### Exercise goal
The task calls for the lines from the start of the entries below through the line with "I'm going to create", given again verbatim, with every picture dropped.

##### Extracted records

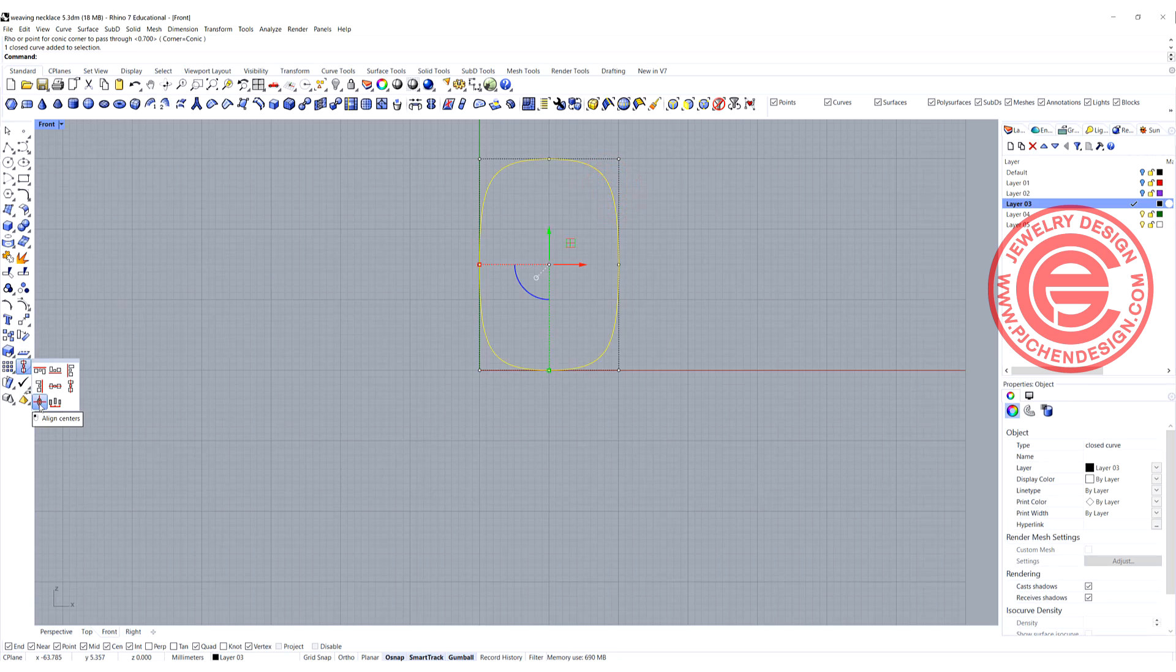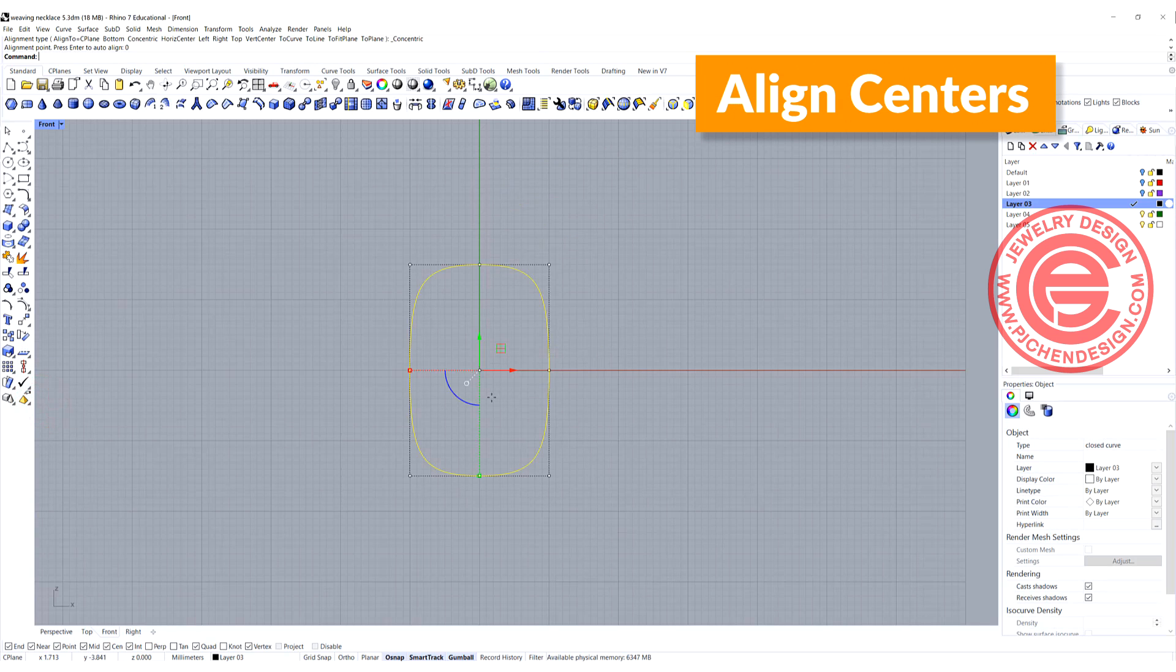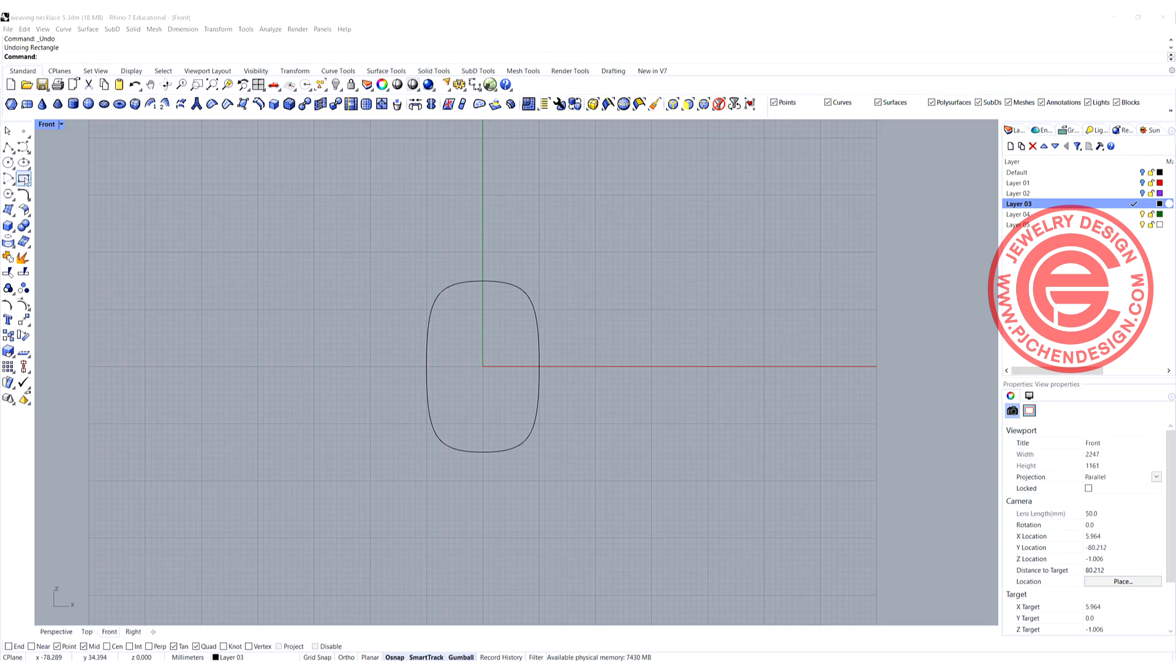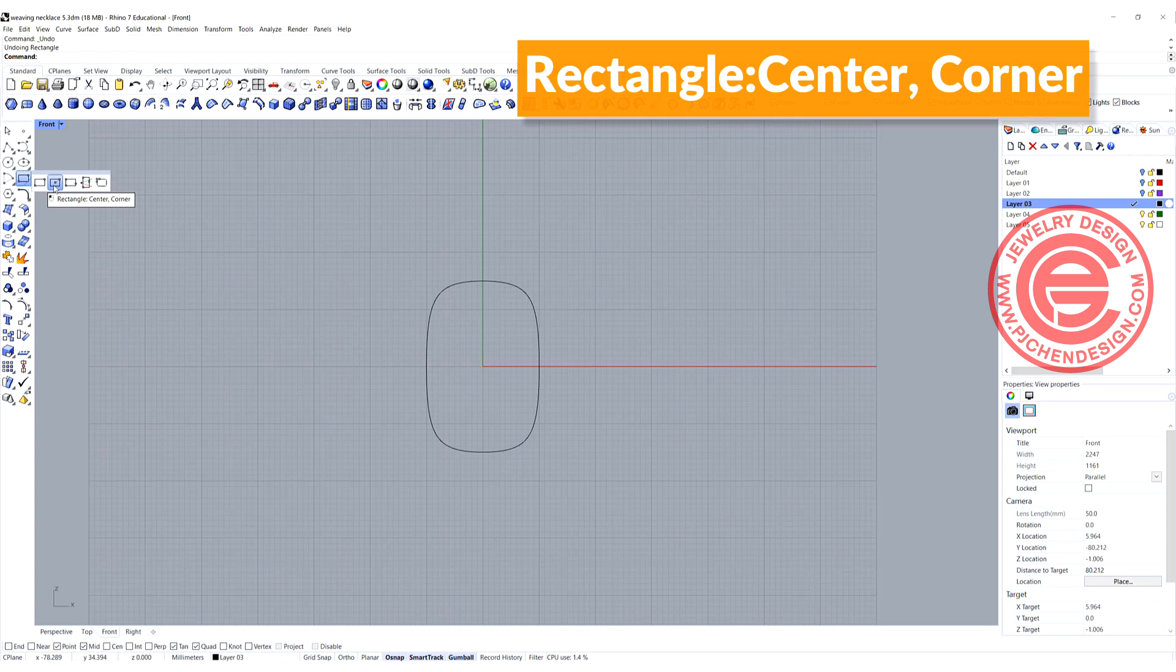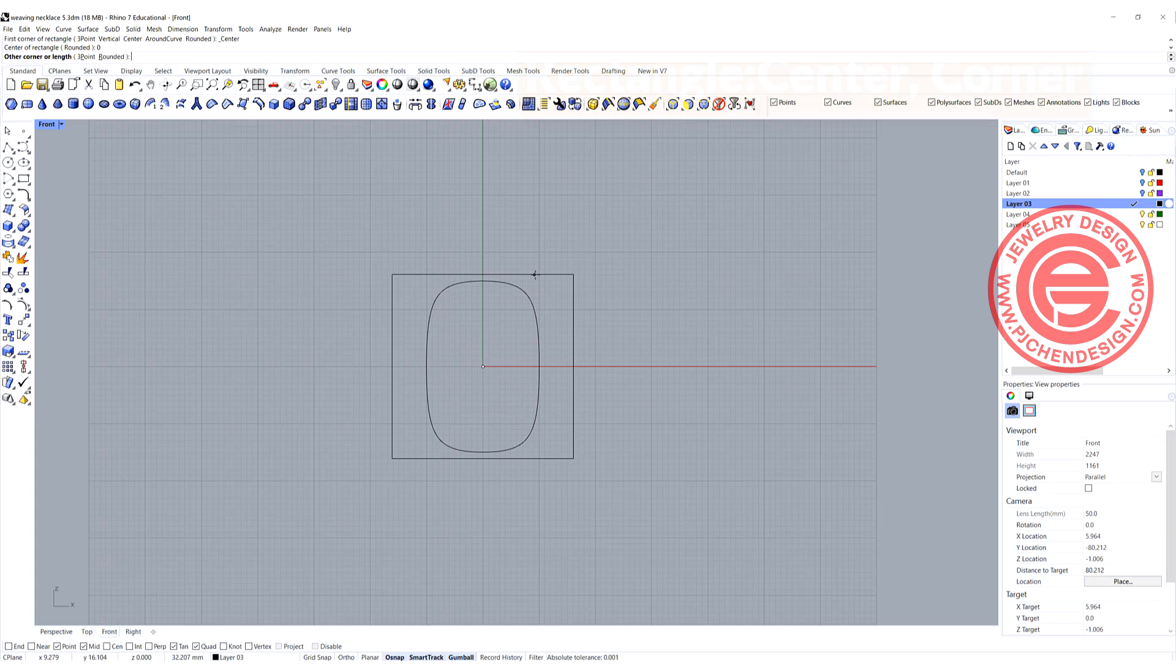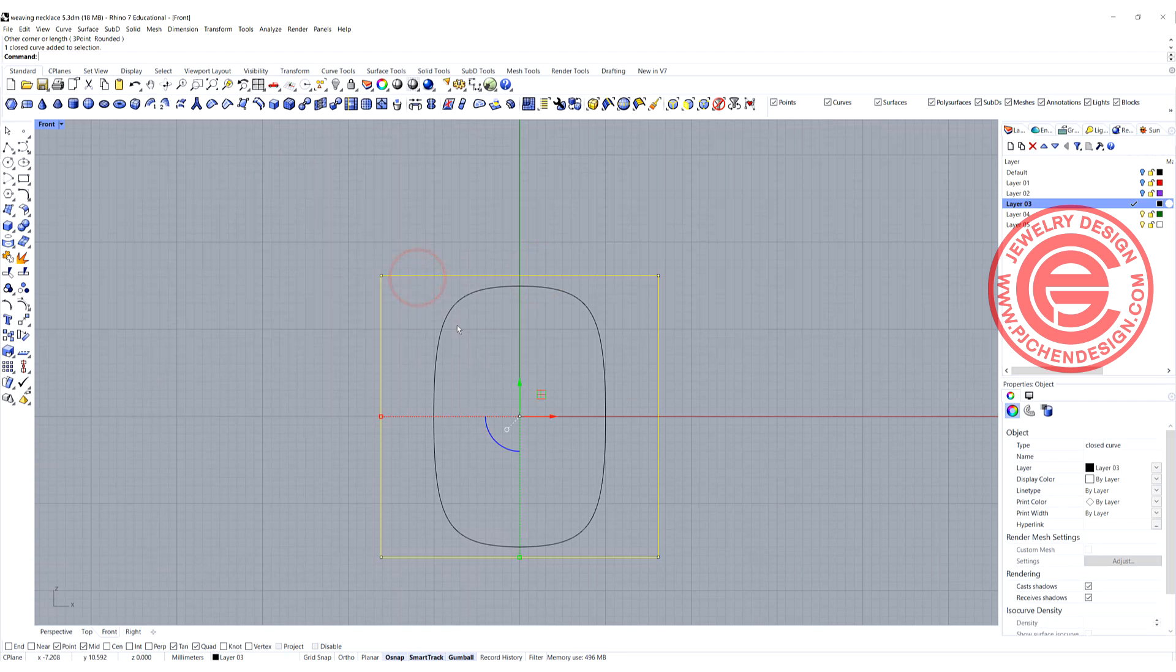I'm going to use the command to align center and bring it back to the zero right there. Next we're going to use the rectangle center. Let's click in the center and we just need it a little bit bigger than what we have there. This is a reference line.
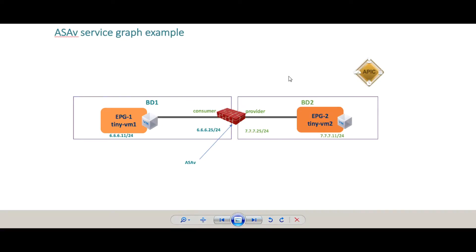In this video we'll do a quick demonstration of connecting an ASA service graph between two EPGs within ACI. We'll do a managed mode configuration of the ASA and connect the ASA between EPG1 and EPG2. EPG1 will be in the IP address range of 6.6.x and EPG2 in the range of 7.7.x, and the ASAV will be completely managed and configured from the APIC.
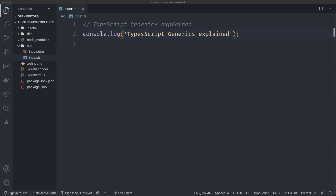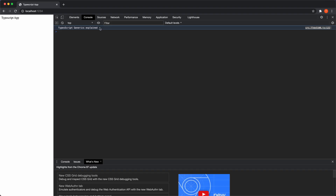I'm going to create a function that has a parameter that takes in an array and just returns a new array with those values. I've set up a TypeScript environment using Parcel with a server, and you can see I'm just console logging out 'TypeScript generics explained.' We're going to look at the console for this one.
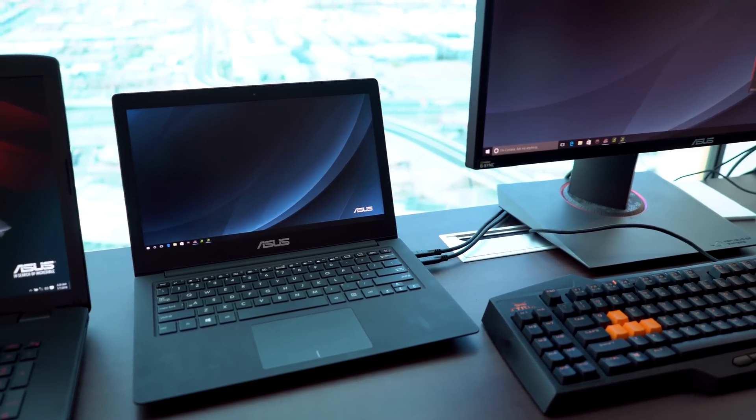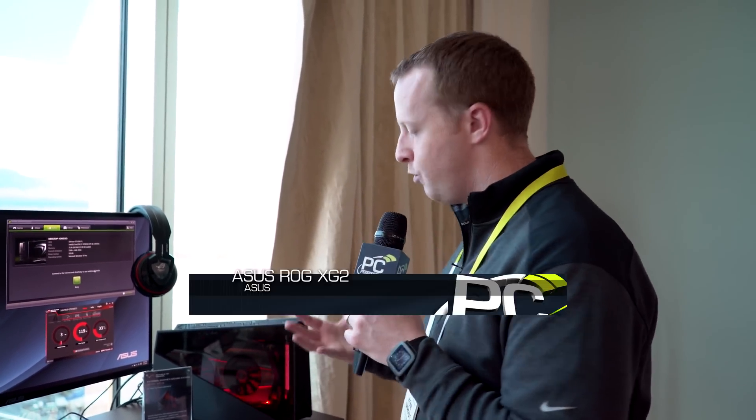I don't have a price for this yet, and availability is looking sometime in the May, June, late Q2 timeframe, but would love to see this actually come out and be successful, as many people have been waiting for external graphics docks.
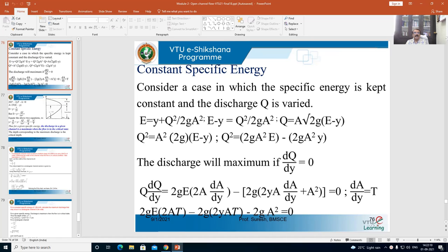Dear all, in my earlier lecture we discussed about deriving the equation for the critical depth and critical velocity for a rectangular channel. Then we moved on to deriving an equation for a non-rectangular channel. The next topic is constant specific energy. Kindly recall, when we derived equations for critical depth and critical velocity in both rectangular and non-rectangular channels, we assumed that the discharge flowing in the channel is constant.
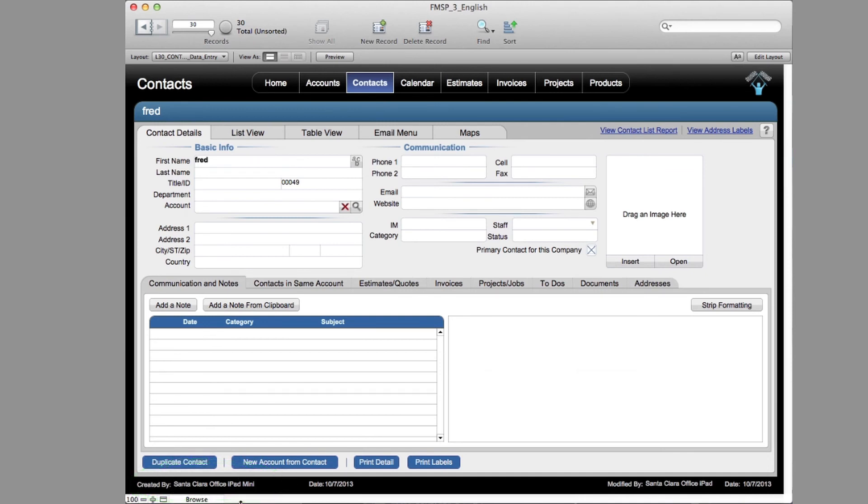Hopefully that gives you some ideas about basic security setup and basic machine naming setup for each user who's going to collaborate with your copy of FM Starting Point or, for that matter, with any FileMaker database.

##########

### Expected answer
I'm going to use the command to align center and bring it back to the zero right there. Next we're going to use the rectangle center. Let's click in the center and we just need it a little bit bigger than what we have there. This is a reference line.
In this video we'll do a quick demonstration of connecting an ASA service graph between two EPGs within ACI. We'll do a managed mode configuration of the ASA and connect the ASA between EPG1 and EPG2. EPG1 will be in the IP address range of 6.6.x and EPG2 in the range of 7.7.x, and the ASAV will be completely managed and configured from the APIC.
I'm going to create a function that has a parameter that takes in an array and just returns a new array with those values. I've set up a TypeScript environment using Parcel with a server, and you can see I'm just console logging out 'TypeScript generics explained.' We're going to look at the console for this one.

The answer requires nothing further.